What Goes in a Go Bag?

Put together your emergency kit, starting with FEMA’s checklist of basic supplies. This includes items needed for basic survival such as food, water, warmth, clean air, and necessary medications/medical equipment. You should be ready to be completely on your own for days, even weeks. And take into consideration that you may lose basic services like electricity, water and telephones. 

Use the list below as a jumping-off point, then customize it according to the specific needs of your family. And be sure to keep your go bag(s) in an easy-access spot, whether in your garage, entry closet, or in the trunk of your car.
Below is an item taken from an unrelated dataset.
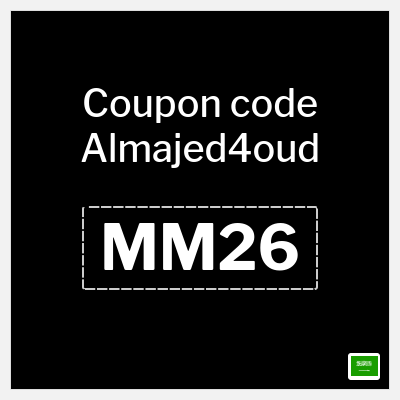 Coupon for Almajed4oud (MM26) 30 Saudi riyal Discount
  • Water, one gallon per person per day
  • Non-perishable food, 3-day supply for evacuating, 2-week supply for your home
  • Extra cell phone battery or charger
  • Battery-powered or hand crank radio (NOAA Weather Radio preferably) plus extra batteries
  • Flashlight and extra batteries
  • A quality first aid kit
  • Whistle to signal for help
  • Dust mask to help filter contaminated air 
  • Plastic sheeting or tarps and duct tape to shelter-in-place
  • Moist towelettes, garbage bags and plastic ties 
  • Non-sparking wrench or pliers to turn off utilities
  • Manual can opener (if your kit contains canned food)
  • Printed local maps, contact numbers and family photos

Add these items based on your family's needs:

  • Prescription medications and glasses
  • Infant formula, diapers, food and other needs
  • Pet food, water and supplies for your pet
  • Important documents in a waterproof container—copies of identification, insurance policies, medications, and bank account records
  • Cash, change, and/or checks
  • Reference material such as a first aid book and a copy of your emergency plan
  • Sleeping bags or blankets–update as needed for colder months 
  • Complete change of clothing including a long-sleeved shirt, long pants and sturdy shoes
  • Fire extinguisher
  • Matches in a waterproof container
  • Portable water filters and water purification tablets
  • Feminine supplies, personal hygiene items and hand sanitizer
  • Mess kits, paper cups, plates and disposable utensils, paper towels
  • Paper and pencil, permanent marker to leave notes if needed
  • Books, games, puzzles or other activities for children
  • Appropriately sized go-bags for each family member

There's No Need to Break the Bank

While putting a kit together might seem like a big project, you don't need to tackle it all at once—or go out and buy a ton of stuff for it right away. First, shop at home for items like clothing, food, tools, flashlights and batteries. Then, when you go to the grocery store, you can pick up an extra item each time, especially if it's on sale. Just be sure to keep you go bag limited to the essentials so that you can move quickly in case you're actually faced with an emergency.